I’ve been here for nearly 2 months now and I still have to stop and pinch myself sometimes. I feel so lucky to have the opportunity to be here, learning from some of the absolute best in the industry – I really don’t want to have to go home!!

A smoochy moment with my precious Bones

3 coffees, 4 Red Bulls and 5 states…

We’ve finally make it to Aiken! We left Pennsylvania much later than we’d hoped, and after being on the road for around 11 hours we made it to Red Oak Farm just before 2am on Saturday morning.
It was a little disappointing to do most of our travelling in the dark so I couldn’t really see any of the sights along the way, though the locals assure me that there really isn’t that much to see along 95 anyway.

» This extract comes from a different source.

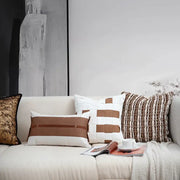 A beige sofa with decorbites italian light luxury brown and white cushion cover featuring woven patterns and living room decor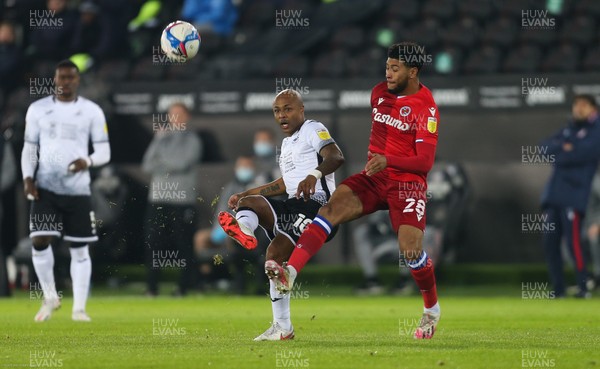 301220 - Swansea City v Reading, Sky Bet Championship - Andre Ayew of Swansea City plays the ball past Josh Laurent of Reading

Farewell, True Prospect Farm!

Cruising down 95, reppin’ my hideously ugly Philadelphia Flyers hoodie.

Rolling out of bed on Saturday morning to get to work after just a couple of hours sleep was a challenge, but it was so nice to be out in the warmer weather, working out of such a beautiful barn. The 4 of us girls are living in the newly built apartment right above the stables which is very convenient… And it’s very pleasant to fall asleep to the sounds of the horses quietly munching away at their hay.

I’m super excited to start this new chapter of my trip – stay tuned for lots more news and photos from Bridle Creek, it is such an amazing place!

The first of many beautiful sunrises at Red Oak Farm.

Shipping out to Aiken

The last few days have been a whirlwind of packing up the barn and shipping out multiple loads of horses at all hours of the day and night. I’m currently sitting in my very clean and empty apartment waiting for the last horse to be picked up by the transporter, and then the last couple of us who are left here can finally hit the road ourselves.

The super impressive True Prospect Farm rig

The process of preparing each load of horses was super efficient and well organised – it makes life so much easier when you can roll out of bed at 2am and know that everything is ready to go. Every horse due to leave wore a cooler under their stable blankets, and had their own set of turnout blankets, shipping boots, shipping halter and tail wrap neatly labelled and stacked in front of their stable door – so all that had to be done when the trucks arrived was to take blankets off, put shipping gear on, and away they go.

All set for the first load of horses to ship out at 2am

The barn became progressively quieter and cleaner as each load left, and those of us still here had the job of emptying out, sweeping and liming all the stalls. It’s been quite surreal going from a bustling barn of 40 horses to just half a dozen left this morning! A number of other horses and riders are beginning to move in now though, to take advantage of the vacant facilities once we’ve gone south.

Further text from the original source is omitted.